Depends on the method :-) (and on the society too).
> The chicken dilemma isn't a problem. It's a nuisance.
> I've made it clear that the chicken dilemma is the thing that comes
> nearest to being a problem in Approval. Therefore, you don't
> significantly improve on Approval unless you get rid of the chicken
> dilemma. Therefore, don't bother with any rank method that doesn't get
> rid of the chicken dilemma.
> Regarding my 75,51,100 chicken-dilemma example for Dodgson and MinMax(margins):
> You say that both sides should co-operate.
( 75: A>B>>C, 51: B>A>>C, 100: C>>(A=B) )
I say that in Minmax(margins) the B voters have no critical need to rank A second, i.e. no need to co-operate at this intensity level. The B supporters may truncate quite freely, but that may not make any good to them (with close to 100% probability), and that can harm them (with higher probability, e.g. if also some of the A supporters truncate).
> That doesn't mean they
> will. The chicken dilemma is quite common in the animal kingdom. You
> flatter voters too much you believe that they won't have it too.
> You say that both sides would have the same amount of defection. Why?
I don't say that there is the _same_ amount of defection. I say that there are many kind of voters, with many different kind of opinions, and there are many polls, and many interpretations on what the true final opinion of the voters will be. In the example above A and B are not in quite symmetrical position. If they were, the voting behaviour of their supporters could be quite similar. In this example B voters coud be more eager to truncate (for the possible strategy related thoughts that you mentioned, although the stratgy is quite irrational), but one can not exclude the possibility that some A voters would truncate. Actually that is quite certain. Check for example the number of voters that truncted in Burlington. One can truncate also just because one is lazy or does not want to take position on any others that one's favourite. In the example above, A supporters could truncate more than B supporters because they may think that A is clearly ahead of B, and therefore there is no need to support B (who is not likely to win anyway).

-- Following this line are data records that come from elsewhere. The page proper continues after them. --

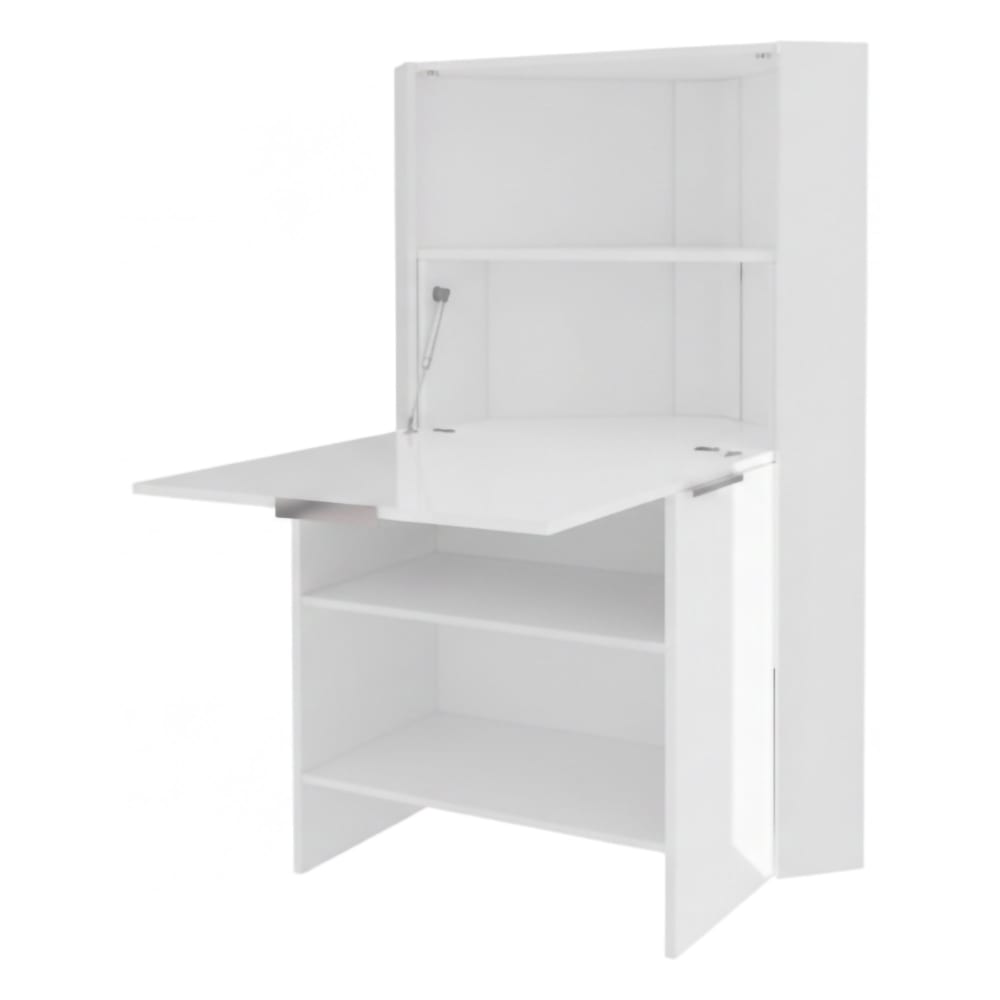 - - Modello Contemporaneo - Bianco - LEGNO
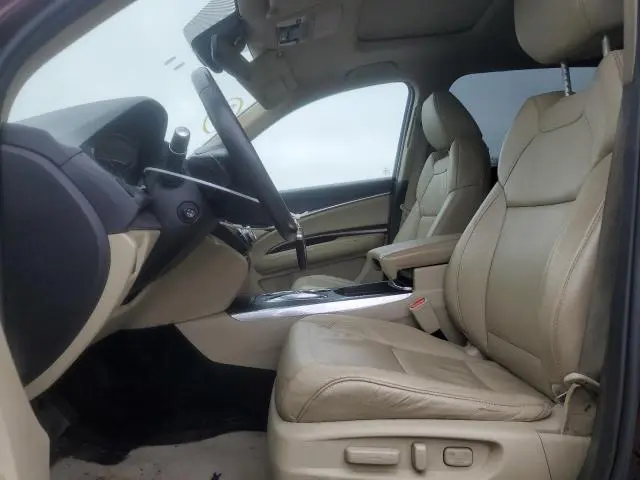 2016 ACURA MDX TECHNOLOGY  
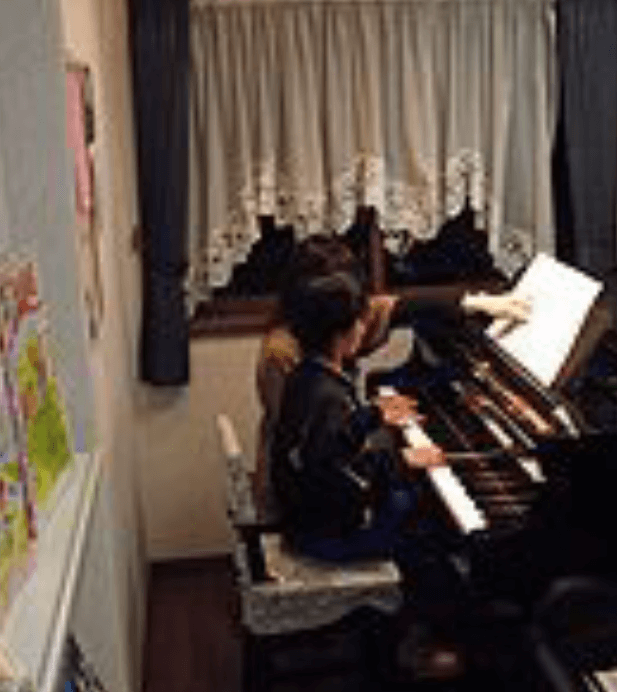 神戸市東灘区深江本町のピアノ教室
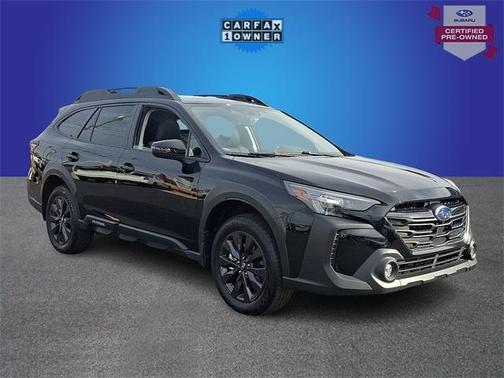2025 Subaru Outback Onyx Edition XT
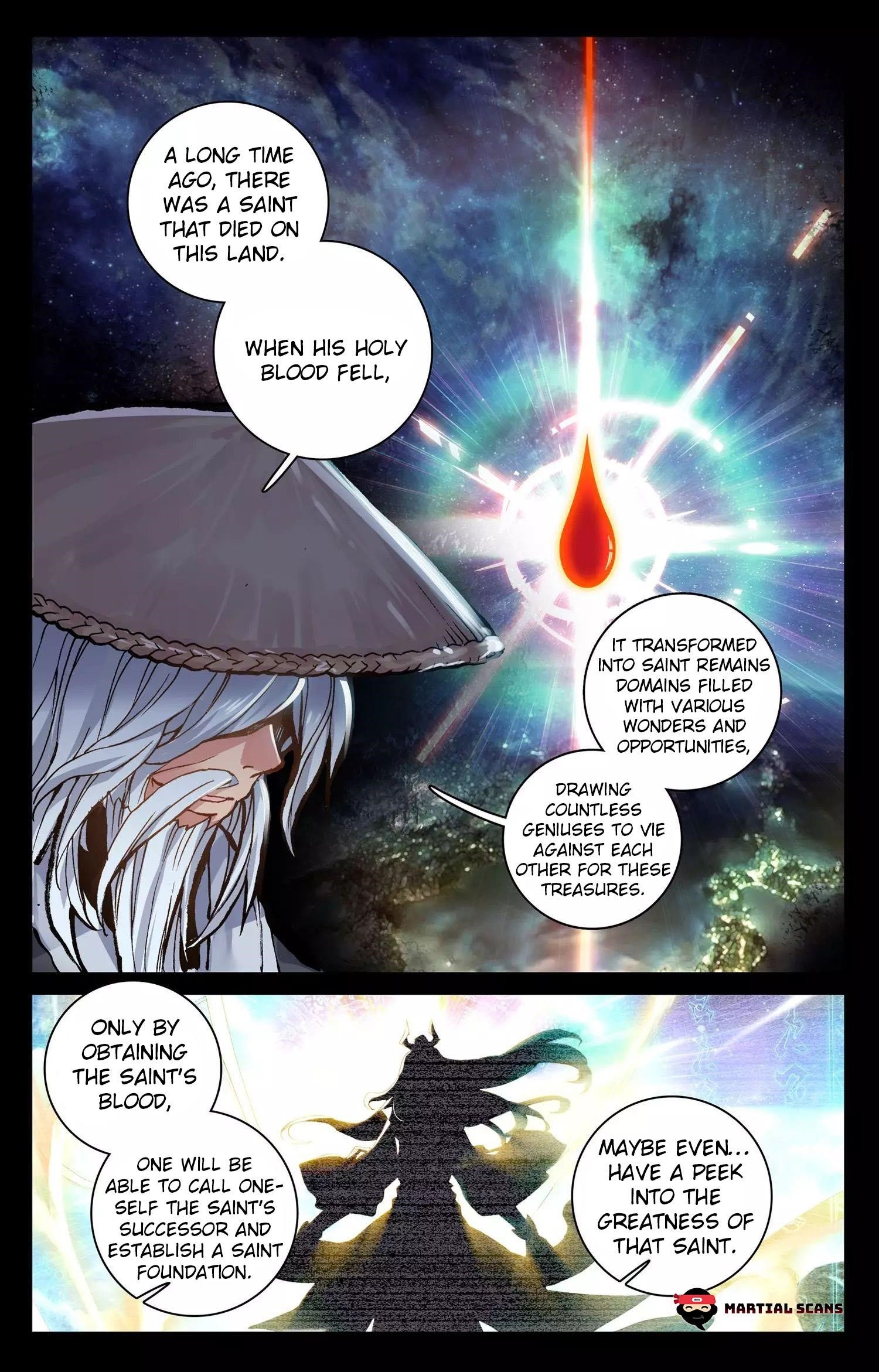 Yuan Zun - Chapter 76.5 Page 3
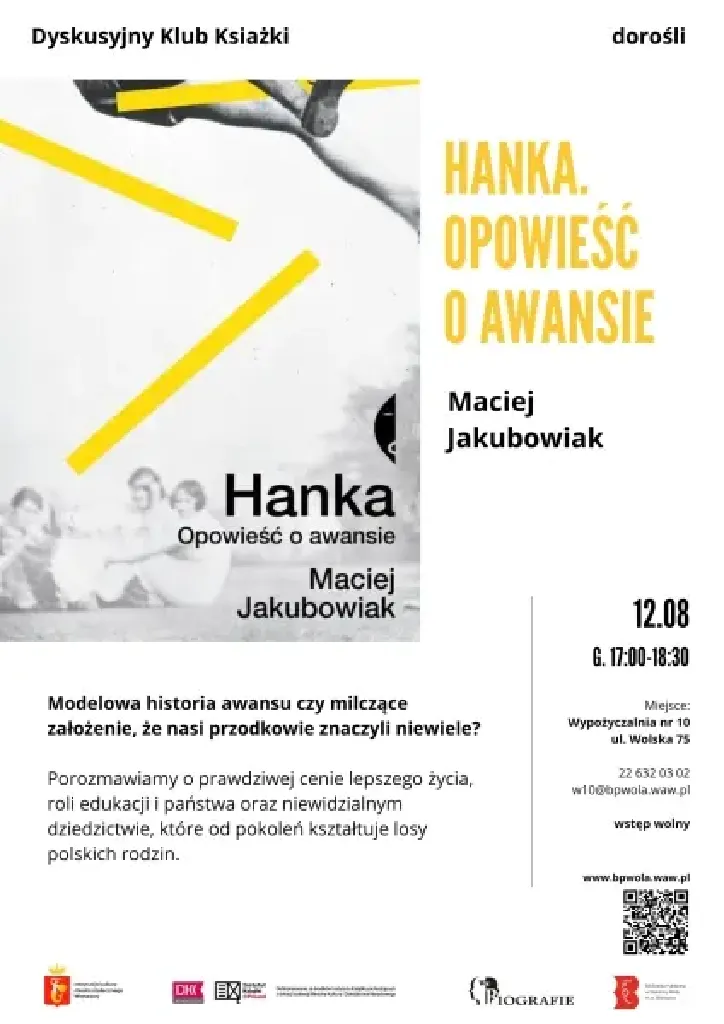Między Stronami – Dyskusyjny Klub Książki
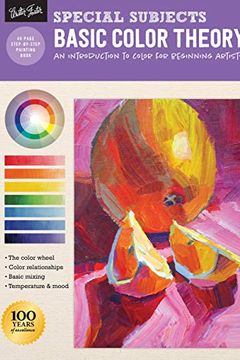 The Best Books On Color Theory - John Paul Caponigro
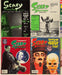Scary Monster Horror Magazine Collection Lot of 10 Issues Lot F - TvMovieCards.com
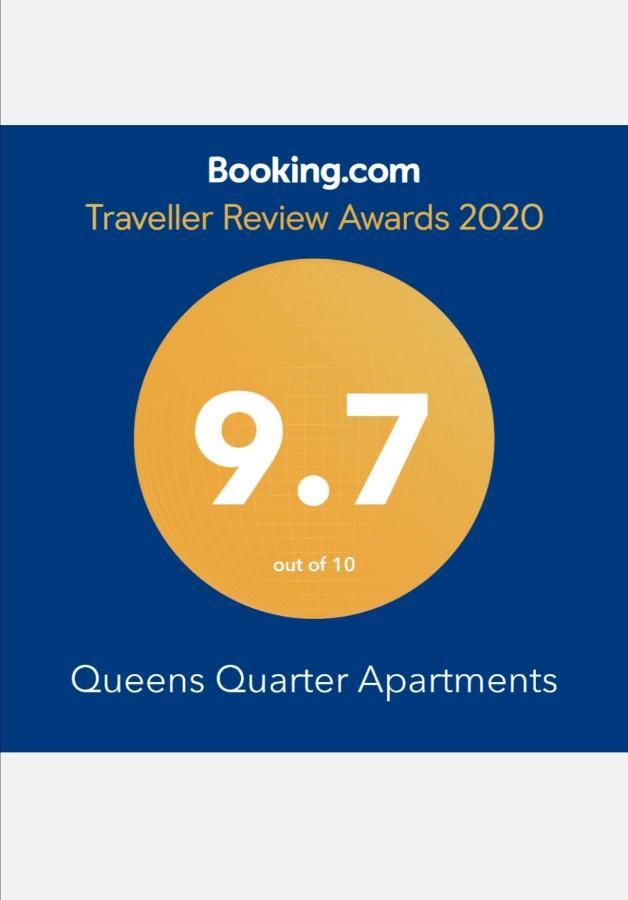 Queens Quarter Holiday Homes (Adults Only) Belfast Exterior photo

> For one thing, the point of the example was to show that defectors can
> easily take advantage of co-operators in Dodgson and MinMax(margins).
> The example shows that.
I hope you read my comments :-).
> You say that real national elections are more complicated. No sh*t ! :-)
> Perhaps you hadn't heard that examples are necessarily
> simplifications, for the purpose of showing that something can happen.
That's fine. But we must remember also that in real elections the opinions and votes will be more complex (and will change in time, and they are not easy to control).
> No one claims that an example is really the exact party, candidate,
> and faction configuration of an actual presidential election :-)
> You think that both factions would have the same number of defectors.
> But voters who prefer policies that are more violent, and less humane,
> ethical--voters who are more likely to tolerate, or even applaud,
> criminality in their political leaders--Do you really think that those
> voters will be just as conscientious, honest, co-operative and
> responsible as voters who are not like them?
There are almost as many kind of voters as there are humans.
> ...and likewise their party organizations and campaign organizations?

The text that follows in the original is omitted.